See the SSIS Resource Configuration page for the full list and a detailed explanation of the properties that can be configured for the scanner.
Step 1.1: Disabling SSIS Automated Extraction for Manually Provided Packages/Projects
It is important to note that both projects and packages can be stored in various locations, including the file system or version control system, as well as the SSIS catalog in the SQL Server database. In instances where projects/packages are not stored on the SQL Server database, Automatic Data Lineage requires manual placement of the .ispac/.dtsx files on the Automatic Data Lineage server in the appropriate directory for ingestion and analysis. In such cases, it is necessary to disable the SSIS extraction and place the package/project files in the proper location.
-
Create a new SSIS connection and only configure the SSIS Connection Name and SSIS Instance Name. (Manta Admin UI may require that the Connection String and Username fields also be be configured.
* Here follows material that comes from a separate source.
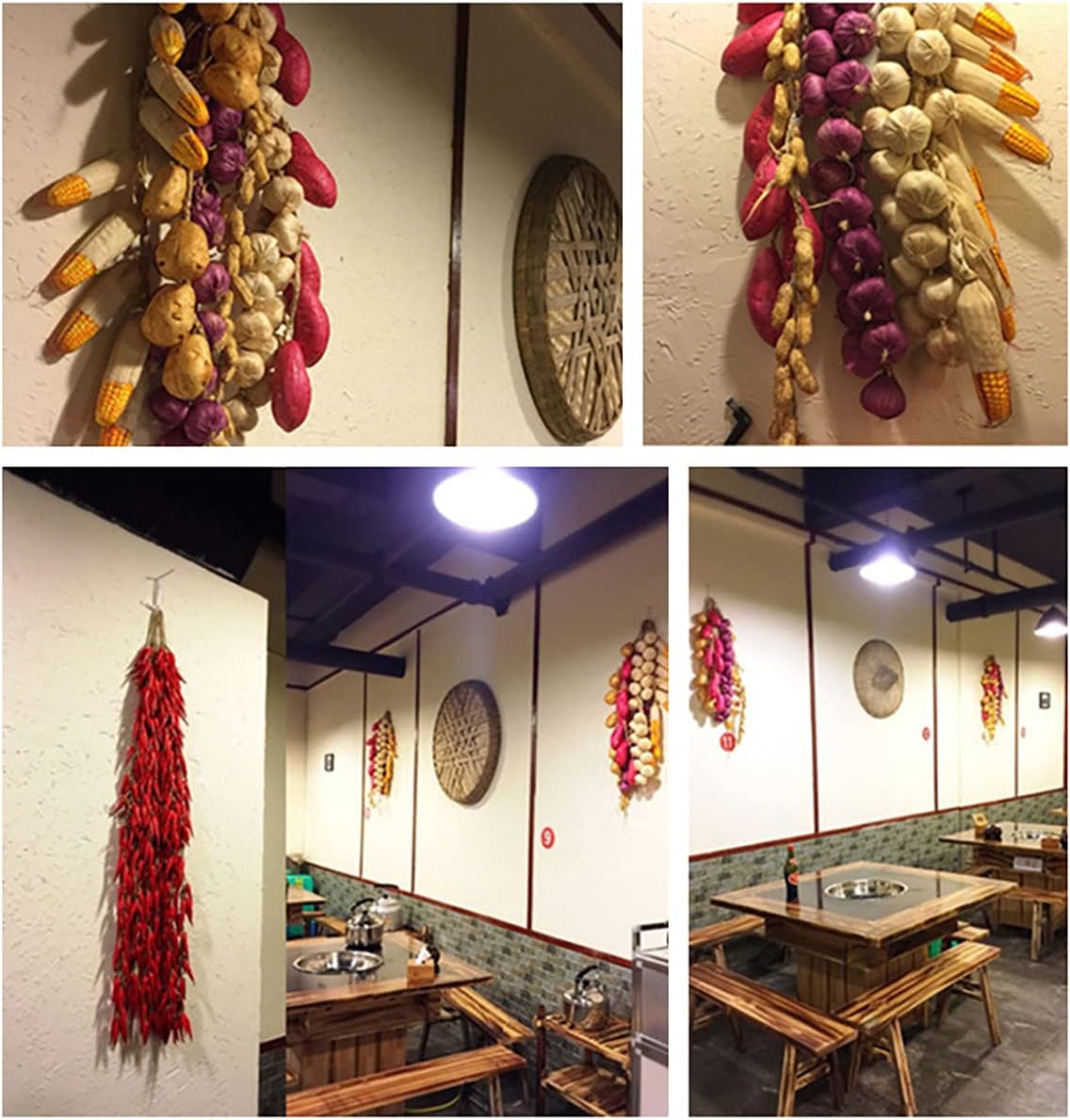 Artificial Fruit Vegetable String for Home Kitchen Decoration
In this situation, just fill in placeholder values for the required fields as they will not be leveraged during scan time.)
-
Disable the
ssisExtractorScenario
by creating a custom workflow that skips the execution of the SSISExtractor Scenario
. If using Manta Orchestration API scripts to call specific scenarios, do not invoke thessisExtractorSecnario
. -
Create the directory
manta/cli/temp/ssis/<SSIS_instance_name>/
and place all the.dtsx
files there (if in package deployment mode) and/or.ispac
files (if in project deployment mode).
It is expected that the content provided will be the same as the files produced by automated extraction. This means that any additional files are ignored, especially configurations for package deployment models (
.dtsConfig
files) that are not supported. (If necessary, it should be enough to use the parameter value override described later to set the correct values.)
Optional Additional Steps
Step 2: Overriding SSIS Variables and Parameter Values (Optional)
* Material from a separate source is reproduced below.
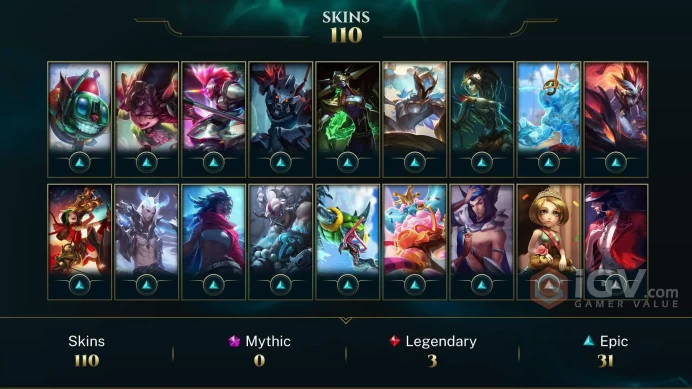 LAN - 110 SKINS - EDG VIEGO - 31 Rune Pages - Battle Academia Caitlyn - Victorious Skins - Diamond S4 - Snow Moon Illaoi - Nutcracko FULL ACCESS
During the runtime of SSIS jobs, variables and parameters are read from the database. However, Automatic Data Lineage lineage analysis may encounter limitations as it doesn't have access to these runtime values and uses the default values defined in the jobs instead. This can lead to incomplete or unexpected lineage results. To address this, define manual override values for the variables and parameters to be used specifically during lineage analysis. This override becomes mandatory when there is no default value available for Automatic Data Lineage to utilize.
User-defined overrides are provided as a semicolon (;
) delimited CSV file in the path specified in the ssis.variableOverrides
property. (See SSIS Resource Configuration.) If
you need to use a semicolon or a newline in a variable value, enclose the value in quotation marks ("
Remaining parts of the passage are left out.